Un rapport présenté ce lundi [23 juin] au Vingt-Sept acte que l’État hébreu rompt ses engagements en matière de droits de l’homme figurant dans l’accord d’Association liant Israël à l’Europe. Les Européens s’orientent-ils pour autant vers une suspension de ce texte qui régit notamment les échanges commerciaux ? Le point dans cet article proposé par notre partenaire La newsletter BLOCS.
Un rapport officiel présenté ce lundi [23 juin] à Bruxelles aux vingt-sept ministres des Affaires étrangères de l’Union européenne (UE) acte pour la première fois qu’Israël fait systématiquement fi de ses engagements en matière de droits de l’Homme inscrits dans l’accord d’Association liant l’État hébreu à l’Europe (en son article 2).

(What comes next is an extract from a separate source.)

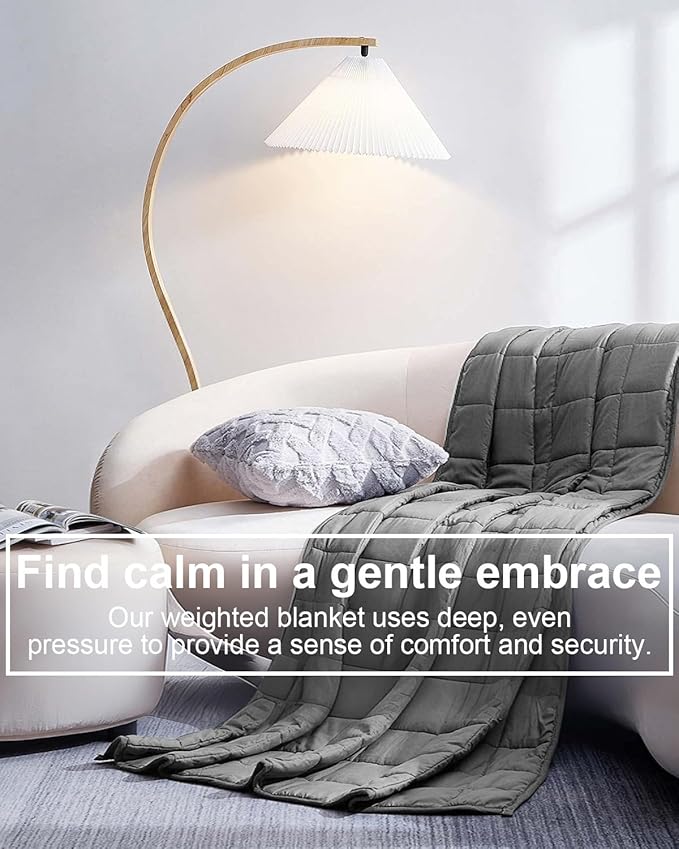 Weighted Blanket 15lbs 48"x72" Size for Adults, Heavy Blanket with Premium Glass Beads, Soft Microfiber Material & Breathable for All-Season Comfort (48"x72"15lbs)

Une trentaine de grands principes seraient ainsi bafoués à Gaza, dans la guerre déclenchée suite aux attaques terroristes du 7 octobre 2023, mais aussi en Cisjordanie, à travers l’expansion des colonies israéliennes dans les territoires occupés, selon ce rapport.
Le document de 8 pages a été rédigé par les experts juridiques du Service européen d’action extérieure après qu’une solide majorité de pays membres de l’Union (17 d’entre eux) eut convenu fin mai de réexaminer l’accord d’Association. Ce traité, en vigueur depuis 2000, régit entre autres les échanges commerciaux, domaine où Israël est très dépendant de l’Union.

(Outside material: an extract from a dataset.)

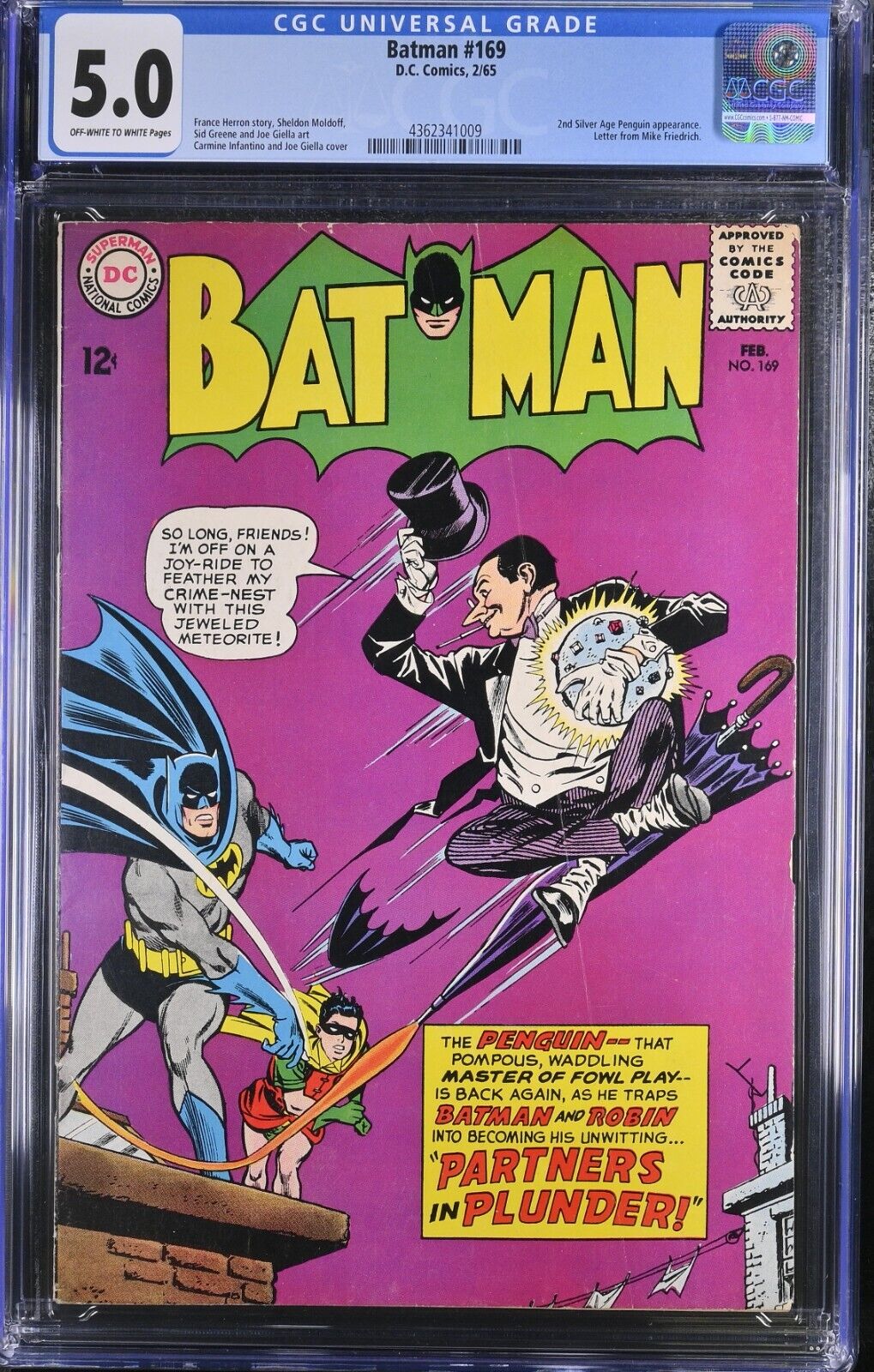 Batman #169 CGC 5.0 2nd Silver Age Penguin appearance (1965)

Un gel peu probable, des mesures commerciales envisageables
Un gel de la totalité de cet accord, ce qui nécessiterait un vote à l’unanimité des Vingt-sept, apparaît quasiment impossible, a fortiori dans le nouveau contexte de la guerre avec l’Iran : les États membres les plus proches d’Israël, comme l’Allemagne, l’Autriche ou la République Tchèque, estiment que cela reviendrait à limiter la capacité d’Israël à se défendre.
Cependant, pour que l’Union prenne des mesures ne touchant qu’au commerce, nul besoin d’un vote à l’unanimité, une « majorité qualifiée » suffirait (soit 15 États sur 27, représentant au moins 65 % de la population de l’UE), ce qui ne semble plus réaliste.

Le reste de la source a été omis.